Cerece Rennie Murphy said...

This show is breaking my heart. With so many questions from 4 seasons unanswered, I just don't understand why we are here right now. I don't really see Peter's actions as going down a dark path. We spent 4 seasons watching Olivia try anything to solve a case. Why not Peter? This is the man who stepped knowingly into a machine he believed would kill him, just to save Olivia (and the world). What more would he do to save his daughter.

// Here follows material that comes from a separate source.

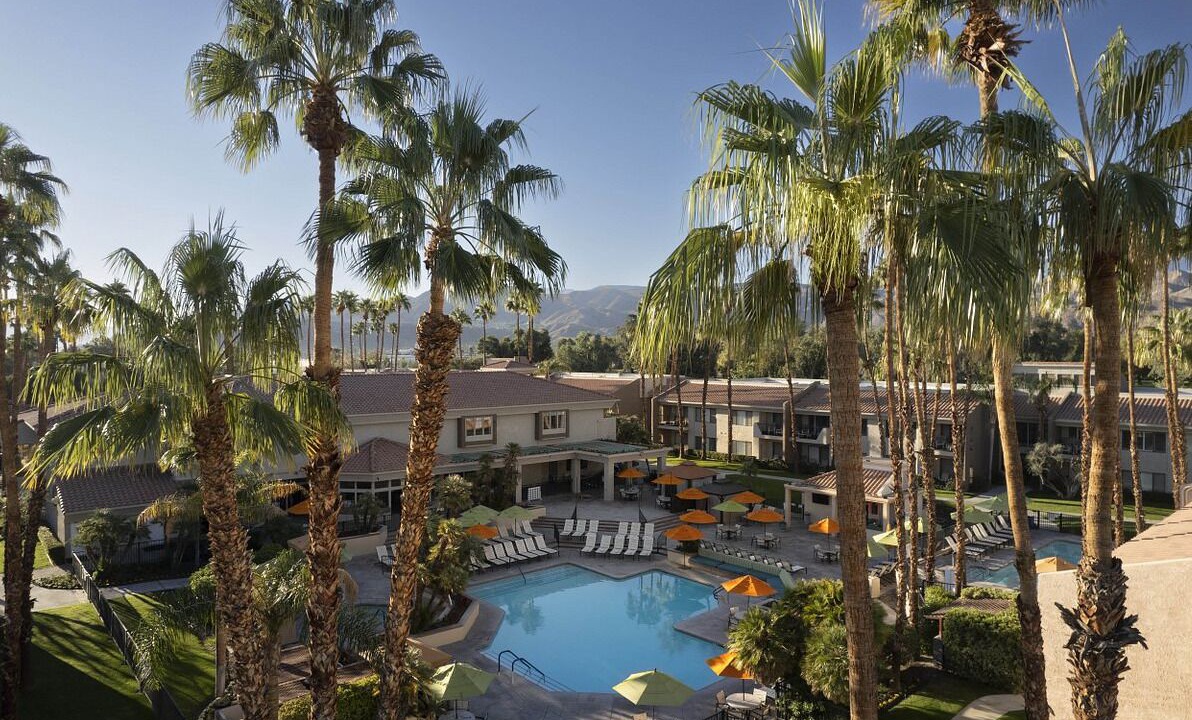 Photo of Outdoor in Cathedral City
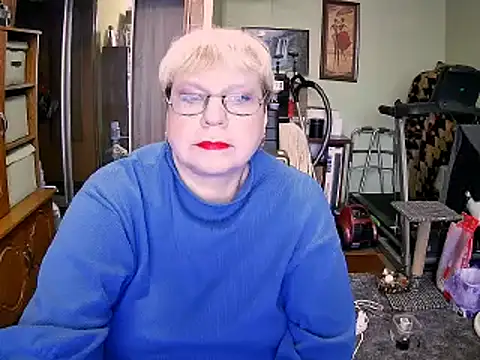 LOLA8888 online show from 28, 10, 2025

Cerece Rennie Murphy said...

This show is breaking my heart. With so many questions from 4 seasons unanswered, I just don't understand why we are here right now. I don't really see Peter's actions as going down a dark path. We spent 4 seasons watching Olivia try anything to solve a case. Why not Peter? This is the man who stepped knowingly into a machine he believed would kill him, just to save Olivia (and the world). What more would he do to save his daughter.

Briar said...

You need far more than two graves if you want revenge. You may need millions. Look at what the US has done in revenge for 9/11.

Anonymous said...

Did I miss something? Why did collapsing the wormhole not work? Seemed to be just a red herring. I'm beginning to wonder if the whole scavenger hunt for creating the weapon will be too. 'Collecting coupons' is what this type plot is usually called. It seems to me getting kind of tedious that every week we're focused on this. Season 5 is on par with season 4 so far, but it suffers from not having a firm plot development IMHO. The story and characters seem to just drift with the current. I would have thought the final season would have been better planned. The homages to other SyFy too may be getting a little overdone. The rescue of Walter
a few weeks ago was similar to that of Morpheus in THE MATRIX (complete with the gun in each hand shootout). Next week too, recalls when Neo figured out the matrix programming and attacked the agent with his now equal powers. Using the wormhole to deliver a bomb was right out of BATTLEFIELD EARTH. And of course the interrogation with the eye closeup was pure BLADE RUNNER. I'd rather they pay more attention to their own story. And turn Peter loose. We want payback not the tired "dig two graves" meme. It's not revenge, it's justice. Best line was a couple of weeks ago when the interrogator found his men dead with no faces and said, "Barbaric." Yep, and there's more where that came from. "War is all hell." Time to give them a belly full of it.

Anonymous said...

Timeout on the red herring talk - it has only been less than 5 minutes of aired episode time since they made the assumption that the wormhole collapse failed. They have not had a chance to explore or discover the answer to their "apparent" failure.

Who knows? - Observers travel through time - maybe the wormhole closed for a decade - but they jumped back in time and stopped their shipment on the second iteration, knowing the collapse was imminent. You gotta think these things thru. Just like Peter going back and saving Etta on the second iteration in the warehouse where she was shot by Captain Skidmark.